At that point, he booted out the security guys because, he reasoned, they had a very specific objective and knew what they needed to do. To the rest of the group, he said:
"Like it or not, our launch just started. It wasn't on our timetable and we didn't instigate it, but it's out there, folks, and we can't put it back in. And our fans didn't do anything wrong today - they're having a great day! They're really interested in this game, they really want to know what happened, they're poring over all of the details trying to figure out what's true, what's not, is it real, is it not - and we weren't ready for this, but we've got to deal with it.
"And the wrong way to deal with it is to let the process of figuring out what happened with the leak be the public-facing sort of marketing message. That has to happen and that's important work, but that's not the dialogue you want to be having with your fans. Because you go into that silverback gorilla corporate lockdown mode and it's not appealing, it's not fun."

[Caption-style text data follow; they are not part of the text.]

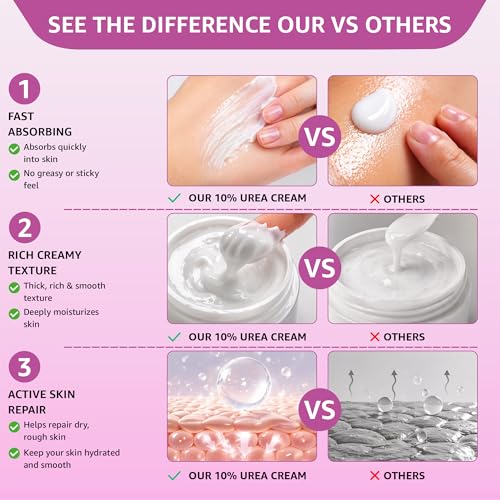 10% Urea Cream with Aloe Vera & Jojoba Oil - 150ml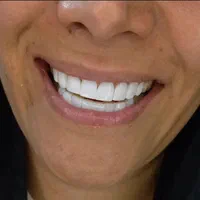 کامپوزیت زیبایی دندانپزشکی|خدمات آرایشگری و زیبایی|یاسوج, |دیوار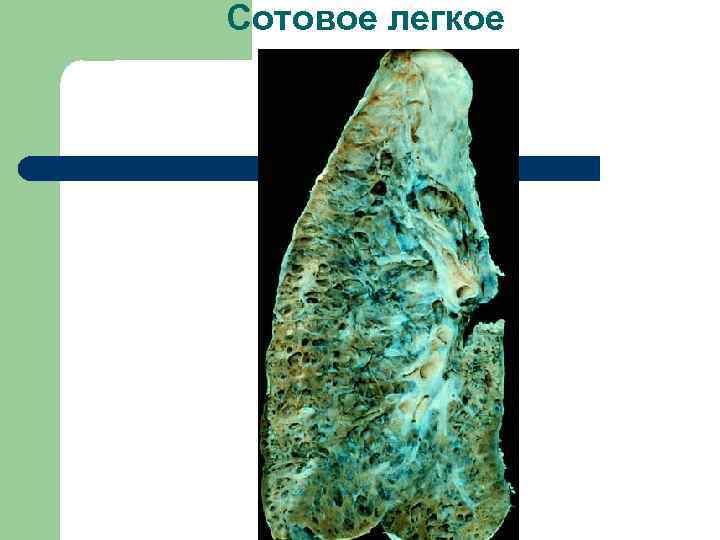 Сотовое легкое 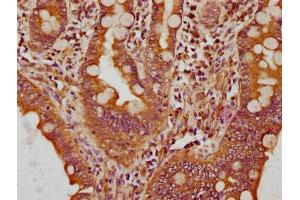 IHC image of ABIN7148519 diluted at 1:200 and staining in paraffin-embedded human small intestine tissue performed on a Leica BondTM system. (Copine III 抗体  (AA 297-442))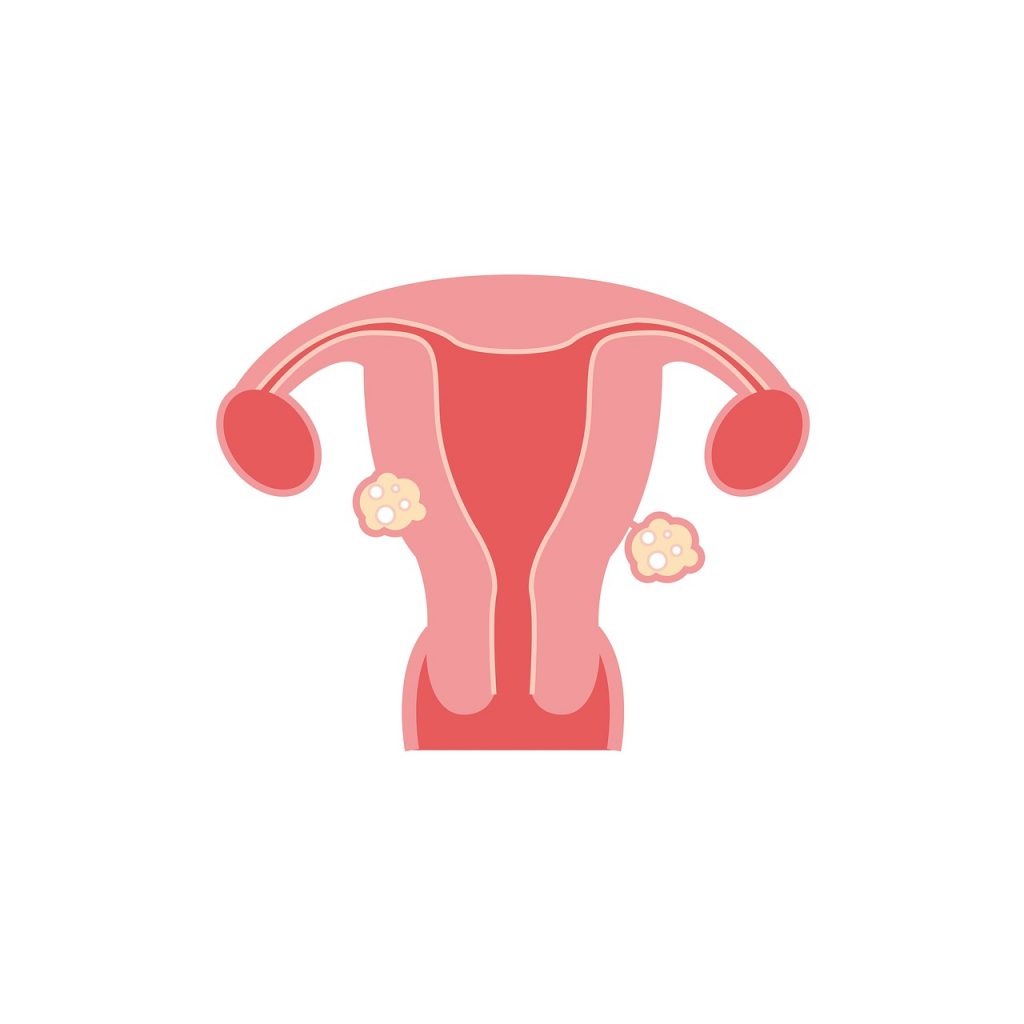 Relieve Uterine Fibroid Symptoms And Treatments Pioneer Thinking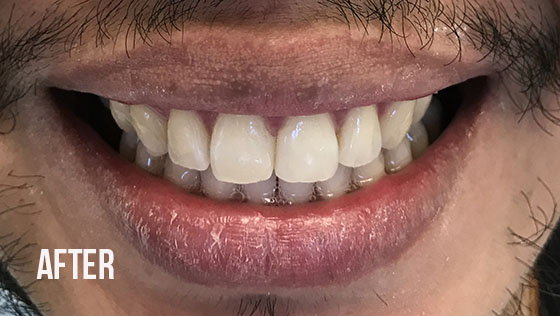 Gorgeous Smile Dental - Invisalign After 4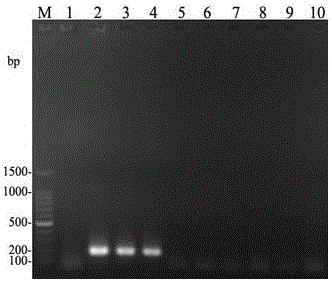 Prunus salicina acalitus phloeocoptes PCR detection primer and detection method thereof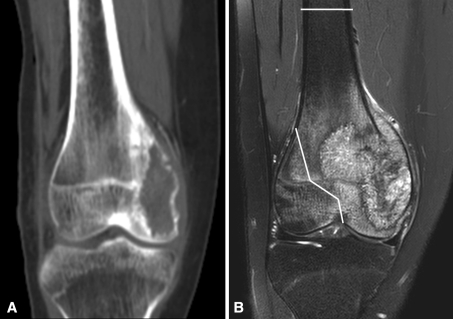 Fig. 1A–B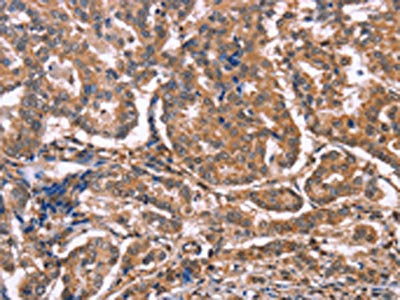 MAP3K2 Antibody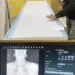 SDH Sopore Equipped with State-of-the-Art DR Digital Radiography X-Ray Machine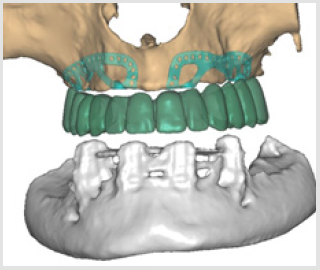 biomedres-openaccess-journal-bjstr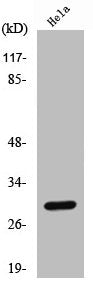 Cleaved-CTSL (T288) Antibody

Next up was a "half-day-long meeting with all the key stakeholders and heavy hitters", and the goal of the meeting, Hirshberg says, was to complete a single sentence: "'If this leak had never happened, we would never have been able to do... blank.' If we can complete that sentence, we can go to bed tonight having turned a crisis into an opportunity and turned a negative thing into a positive thing."
Some people in the room were keen to stick to the plan Activision already had, which was just four weeks away from going into action anyway, reasoning that only a small subsection of the game's enormous fanbase would even realise what had happened.
But in the end they chose a different tack.
"The greatest value in this digital connected world is the value of transparency," he said, "so we figured, let's just be straight with people, let's tell them what happened, then let's lean into it."
The resulting strategy was to immediately cue up the release of some teaser content that had been scheduled for a TV campaign a month hence, and push it out on Facebook, Twitter and YouTube directly to fans of the game, acknowledging the leak and the damage it could do but taking advantage of the publicity rather than going into Gestapo mode about the cause of it.
"A little fire of interest about our game just got started today," Hirshberg recalled saying, "and on most other days of the year we would come in and say, 'Hey, everyone's on the internet talking about us,' and that would be a good thing, right? Why is it because we didn't instigate it and we didn't control it, why does that instantly make it a bad thing? It's not.
"So what we did was we took the fire of interest that had been lit and we poured gasoline on it."
When Modern Warfare 3 was eventually released, it picked up glowing reviews and sold 2.8 million copies in the UK alone by the end of 2011 - less than its predecessor Black Ops, but considerably more than almost anything else.